Noah's Ark

Biblical skeptics love to try and prove that the Bible is nothing more than a bunch of fairy tales that will unravel as soon as someone enlightened takes a closer look at all those silly Christian ideas. Skeptics and atheists have been trying to disprove the Bible for decades, but to their disappointment, they have never succeeded. They originally attacked the New Testament and claimed that Jesus Christ was a complete invention by Christians. Skeptics abandoned this theory like a sinking ship after it was buried under evidence that Jesus of Nazareth was a real person who was executed by Rome. Today, scholars are in unanimous agreement that Jesus existed. 

Since they were unable to disprove the backbone of the New Testament, skeptics shifted their focus to attacking the Old Testament.
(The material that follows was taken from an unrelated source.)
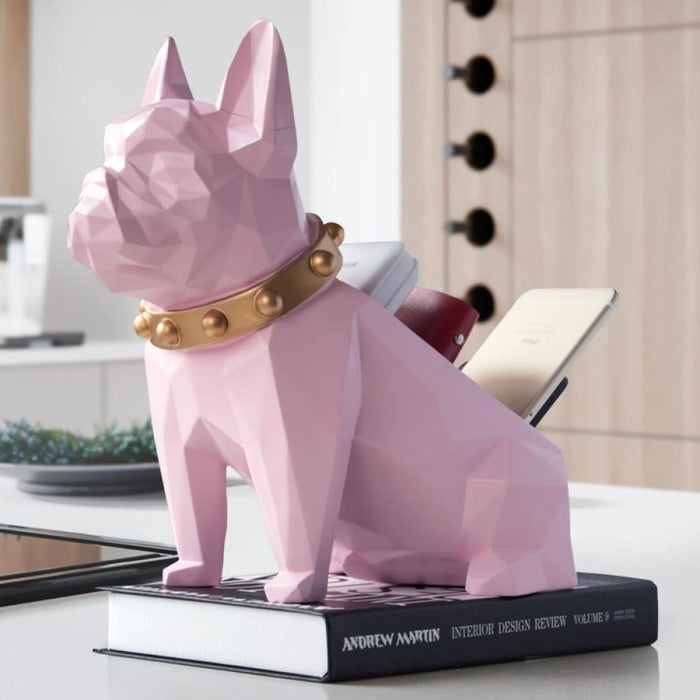 Resin Dog Statue Figurine Storage Box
This at least appeared to be an easier target. Given how long ago events occurred, less physical evidence would have survived to the present day. Besides, the Old Testament describes some of God’s largest, flashiest and most extreme miracles. These seemed like they would be easy to disprove. They were wrong.

It is true that the Old Testament lacks some of the handy records that were used to prove that the New Testament was a record of real events. Many of the records that would have existed have also been lost to the passing of time. That does not, however, mean that no evidence has survived to support the claim that the Old Testament is just as historical as the New Testament. 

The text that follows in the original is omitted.